“All the letters and lines looked scrambled up and it looked pretty,” marvels Mara (Henriette Confurius) in “The Girl and the Spider,” handing over the PDF for some floor plans that printed out differently than appeared on her computer. The outline will not be of any help to Lisa (Liliane Amuat), who is leaving the apartment she’s shared for years with Mara and Markus (Ivan Georgiev), but it serves a purpose in cheering up the former, who knows the move will change the nature of her relationship to Lisa and, try as she might, admits that for as many times as she tried to replicate the printer matrix mishap, it wouldn’t come out the same way twice.
This will inevitably bring a smile to those who can see the beauty in the chaos of lines on a page as well, but perhaps an even bigger one to those who saw Ramon and Silvan Zürcher’s previous film “The Strange Little Cat” when the fraternal filmmaking duo attempt to pull off what Mara can not in once again finding comforting equilibrium amidst a sea of incongruous elements that shouldn’t align so pleasingly. After exploring fraught family dynamics inside a single apartment in their debut, the two have further honed an ability to throw audiences into a sensational swirl where it can feel as if the ground is always shifting beneath one’s feet in spite of staying largely confined to a single location, which is what it has to feel like for those in “The Girl and the Spider” when Lisa and Markus’ new flat shouldn’t have any major impact on any of their relationships, but the move triggers everyone involved to consider the fleeting nature of everything in their lives.
The little context that’s given upfront for the events that are about to unfold are both a shrewd way for the Zürchers to highlight the peculiarity of human instincts when even the most rational responses can appear absurd without knowing the full extent of the situation and a truly inspired path to intrigue when your own instinct is to start filling in the gaps, usually upended by what they have in store.

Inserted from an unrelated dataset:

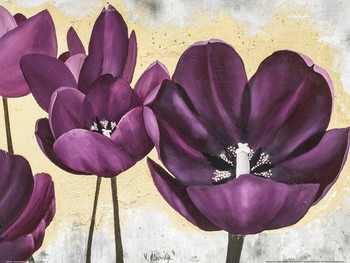 David Sedalia, FLOWERS II (Blumen, Blüten, Blütenblätter,  Malerei, Wohnzimmer, Esszimmer, Treppenhaus, violett, bunt)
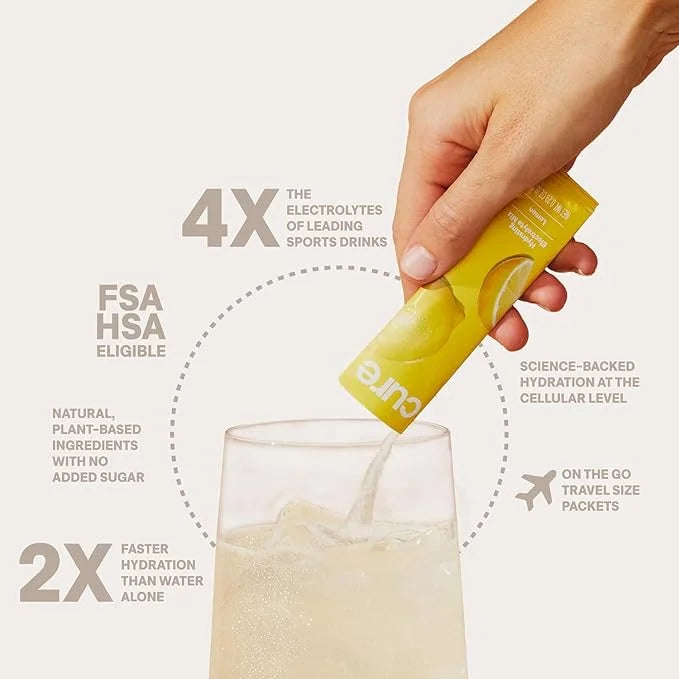 Cure Hydration | Plant-Based Electrolyte Drink Mix | No Added Sugar | FSA & HSA | Dehydration Relief Powder Made with Coco...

If Lisa and Markus’ apartment appears full at first, with visits from the upstairs neighbor Karen and her daughter Eleni, not to mention their dog Kira, and Lisa’s mother Astrid while handyman Jurek and Markus’ friend Jan tend to removing moldy tiles and adjusting creaky windows, a prevailing sense of isolation sets in as you start to spend time with them, all feeling alone in their emotions as some like Astrid and Mara are prone to recall cherished memories of Lisa when they felt closer to her than they do now or neighbors such as Kerstin (Dagna Litzenberger Vinet) drop hints that the door to Lisa’s apartment is hardly the only place where they feel outside.
The feeling of impermanence is rendered quite intricately, from the abstract sounds of construction coming from afar to the physical coming and going as characters moving about in a delicate dance around the apartment, sometimes inviting confrontation or more likely doing their best to avoid it, making any connections feel precious when they seem so slippery and they are the result of so many elements both in and out of our control to line up just right. Then again, that’s exactly what the Zürchers accomplish so magically in “The Girl and the Spider,” marshalling all of the disparate elements of the filmmaking process to make time stand still enough to see it clearly.
“The Girl and the Spider” will premiere at the Berlinale Film Festival.